Michelle Garza Cervera apre il film con una sequenza potente e sconvolgente, promettendo una visione carica di emozioni forti. Tuttavia, questa promessa si affievolisce nel prosieguo. La regia assume un tono più televisivo e modesto, come se l’inizio e il resto del film appartenessero a due opere differenti.

Mary Elizabeth Winstead (Scott Pilgrim, 10 Cloverfield Lane) conferma la sua presenza scenica unica e offre un’interpretazione solida, aggiungendo un altro ruolo significativo alla sua carriera. Maika Monroe (Longlegs) le tiene testa con una performance intensa e magnetica.

Maika Monroe (a sinistra) e Mary Elizabeth Winstead (a destra) in una scena de La mano sulla culla

La mano sulla culla: un thriller poco ispirato

Il principale problema di La mano sulla culla è la sua ambiguità narrativa. Il film tenta di raccontare troppo e troppo poco allo stesso tempo. La tensione manca del tutto, e le immagini non trovano mai un vero valore espressivo. Il risultato è un senso costante di indifferenza. Anche quando la trama sembra ripetersi, le improvvise svolte narrative finiscono solo per infastidire.

Oltre ai limiti della sceneggiatura, emergono gravi problemi nella costruzione dei personaggi. Mary Elizabeth Winstead offre un’interpretazione discreta, seguita a ruota, in parte, da Maika Monroe. Il resto del cast, però, risulta poco convincente.

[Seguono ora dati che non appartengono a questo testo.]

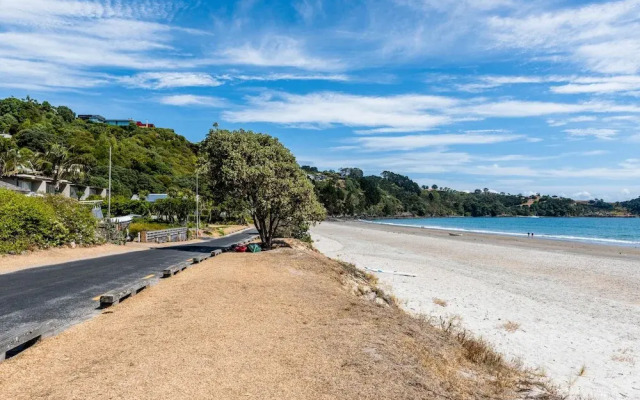 Condo on the Beach at the Sands Onetangi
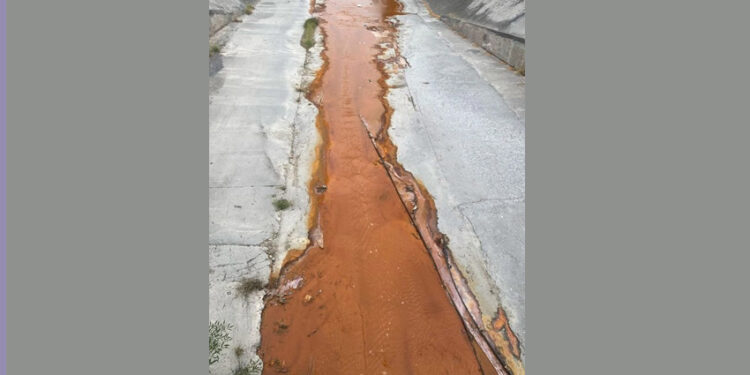 Inician proceso para sancionar a siderúrgica por contaminar arroyo en NL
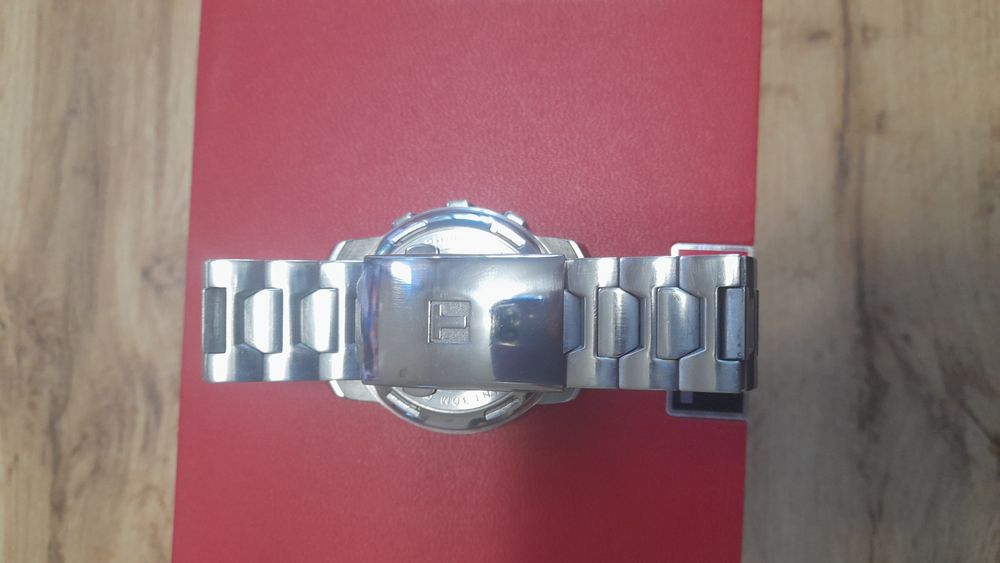 Tissot t touch часовник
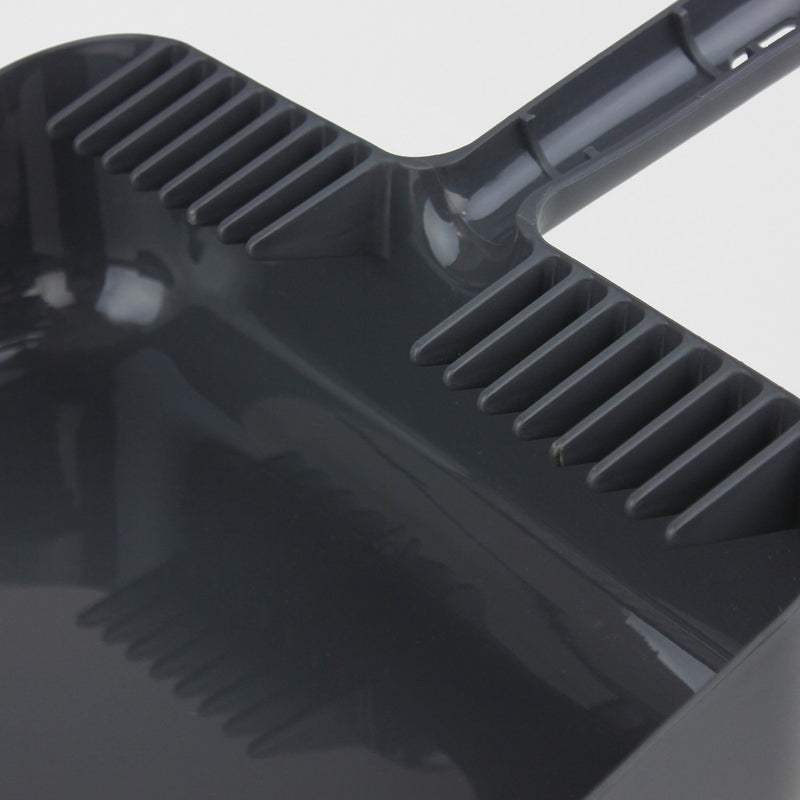 Clip-on Dust Pan - Made By Design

Raúl Castillo nel ruolo del marito è un personaggio totalmente inefficace per la narrazione, che non aggiunge quasi nulla alla esplorazione psicologica del personaggio di Mary Elizabeth Winstead. Non è un cattivo lavoro da parte dell’attore, ma non c’è nulla che permetta di elevarlo a mera macchietta.

In particolare, i figli della coppia appaiono fuori contesto, come se fossero capitati sul set per caso.

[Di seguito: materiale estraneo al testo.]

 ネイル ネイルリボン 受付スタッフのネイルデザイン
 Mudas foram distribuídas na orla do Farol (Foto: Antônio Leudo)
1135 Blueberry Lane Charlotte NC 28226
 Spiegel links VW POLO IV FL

I personaggi adulti riescono a reggere il tono del film. La regia tenta di conferire loro un’impostazione seria e cupa, ma il risultato è opposto: alcune scene sfiorano la parodia.

Il film introduce anche una tematica queer, inizialmente ben integrata nel racconto. Tuttavia, con il proseguire della storia, questo elemento appare sempre più forzato, ridotto a semplice riempitivo per prolungare la durata complessiva.

Nel complesso, La mano sulla culla si rivela un’occasione mancata. Michelle Garza Cervera dimostra di avere uno sguardo autoriale interessante, ma non riesce a mantenere la coerenza stilistica e narrativa promessa nei primi minuti.

Il film alterna momenti di tensione potenzialmente efficaci a scelte visive e strutturali che smorzano ogni emozione. Anche la gestione dei personaggi risulta discontinua, con dinamiche poco approfondite e un tono che oscilla tra il thriller psicologico e il melodramma domestico. Rimane l’intuizione di un racconto sull’identità e sull’inganno, ma privo della forza necessaria per lasciare il segno.

Un thriller che ambisce a inquietare e a far riflettere, ma finisce per perdersi nel suo stesso riflesso.